Но вопрос заключается как раз в том, должны ли мы верить этому указанию «отца истории» на свой источник. У. Хайдель, наиболее детально занимавшийся этой проблемой и посвятивший ей специальное, довольно обширное исследование[515], решительно отвечает: нет, не должны. Геродот, по его мнению, сознательно вводит в заблуждение читателей, а фактически с египетскими жрецами он не общался и не беседовал.
Для подобного взгляда выставляются следующие основания. Многое во второй книге «Истории» никак нельзя считать исходящим от жрецов, хотя ссылка делается именно на них. Ряд сюжетов, влагаемых Геродотом в их уста, в действительности несут специфически греческий колорит. В особенной степени это касается рассказа о царе Протее, о прибытии в Египет Елены Прекрасной и о Троянской войне (II. 112–119)[516]. Есть и другие примеры, на которых мы еще остановимся ниже.
Как же объяснить это недоразумение? Хайдель указывает[517], что есть точка зрения, согласно которой Геродот был сам введен в заблуждение: его собеседниками были какие-то люди (возможно, полукровки греко-египетского происхождения), которые выдавали себя за жрецов или которых историк ошибочно принял за таковых[518]. Однако это мнение исследователь приводит только для того, чтобы тут же его отвергнуть. Сам он стоит на совершенно иных позициях, которые здесь необходимо кратко очертить.
На самом деле Геродот построил свой египетский логос почти исключительно на информации из сочинения Гекатея Милетского — своего непосредственного предшественника на поприще «служения Клио», ученого, которого Хайдель считает истинным «отцом истории»[519]. Он некритически брал все сведения из Гекатея, попросту переписывал его.

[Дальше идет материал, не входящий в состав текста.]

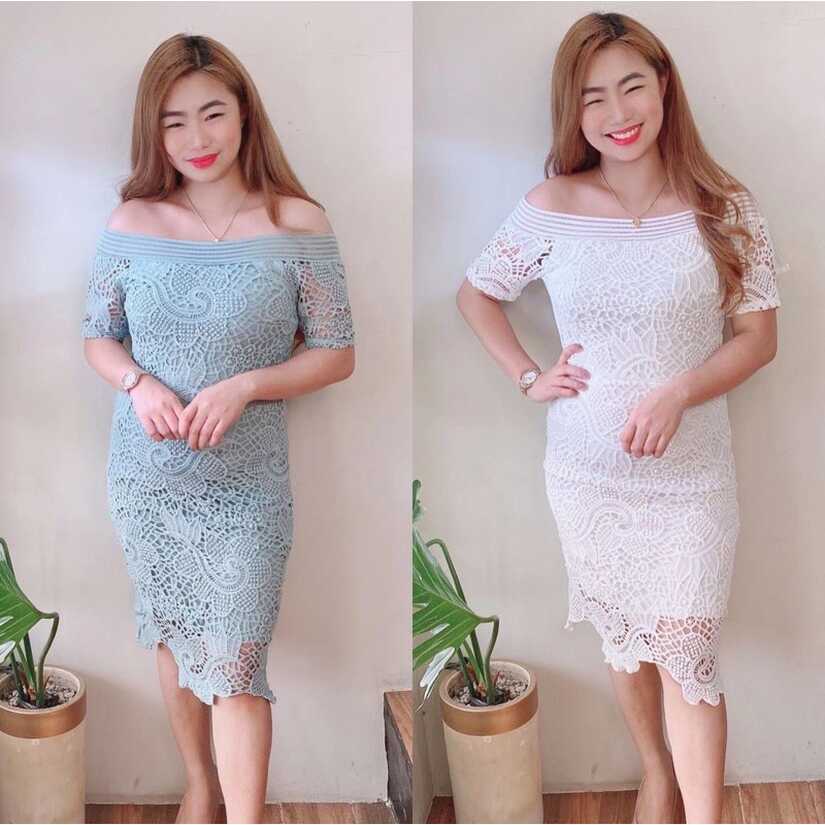 Korean Cocktail Dress #782 Lace Off Shoulder Party Dress Wedding ...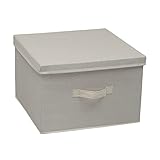 Household Essentials, Natural Square Storage Box with Lid and Handle, Square-15 W x 15' D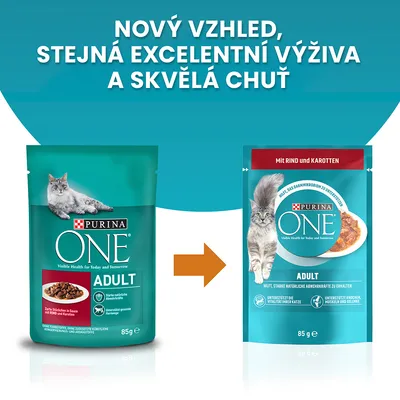 Porovnání starého a nového obalu Purina ONE Adult 85 g, s textem: Nový vzhled, stejná excelentní výživa a skvělá chuť. Oba obaly zobrazují kočku a produktové informace.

А для того, чтобы плагиат остался незамеченным, и заодно для того, чтобы повествование выглядело более авторитетным и убедительным, Геродот выставил в качестве своих информаторов жрецов различных храмов долины Нила.
Гекатей несколько раз упоминается в «Истории» Геродота, в том числе один раз — именно во второй книге и как раз в связи с жрецами. Этот пассаж (II. 143) исключительно важен для проблематики нашей работы, и потому мы приводим его in extenso:
«Когда однажды историк Гекатей во время пребывания в Фивах перечислил жрецам свою родословную (его родоначальник, шестнадцатый предок, по его словам, был богом), тогда жрецы фиванского Зевса поступили с ним так же, как и со мной, хотя я и не рассказывал им своей родословной. Они привели меня в огромное святилище Зевса и показали ряд колоссальных деревянных статуй… Каждый верховный жрец ставил там в храме еще при жизни себе статую. Так вот, жрецы перечисляли и показывали мне все статуи друг за другом: всегда сын жреца следовал за отцом. Так они проходили по порядку, начиная от статуи скончавшегося последним жреца, пока не показали все статуи. И вот, когда Гекатей сослался на свою родословную и в шестнадцатом колене возводил ее к богу, они противопоставили ему свои родословные расчеты и оспаривали происхождение человека от бога. Противопоставляли же они свои расчеты вот как. Каждая из этих вот колоссальных статуй, говорили они, это — "пиромис" и сын пиромиса, пока не показали ему одну за другой 345 колоссальных статуй (и всегда пиромис происходил от пиромиса), но не возводили их происхождения ни к богу, ни к герою. "Пиромис" же по-эллински означает «прекрасный и благородный человек».
Безусловно, из данного рассказа однозначно следует, что Геродот был прекрасно знаком с трудом Гекатея (в чем, кстати говоря, никто и не сомневается). Не исключаем даже, что, путешествуя по Египту, галикарнасский историк пользовался произведением историка милетского в качестве своеобразного «путеводителя»[520]. Но какие импликации делает из процитированного эпизода Хайдель? По его мнению[521], сам Геродот, вопреки тому, что он утверждает, вовсе не имел подобной беседы с фиванскими жрецами. Эпизод полностью взят из Гекатея. Но самое интересное в том, что и Гекатей тоже не имел подобной беседы со жрецами, а сочинил ее сам. Зачем ему это понадобилось? Исследователь выстраивает следующую цепь рассуждений.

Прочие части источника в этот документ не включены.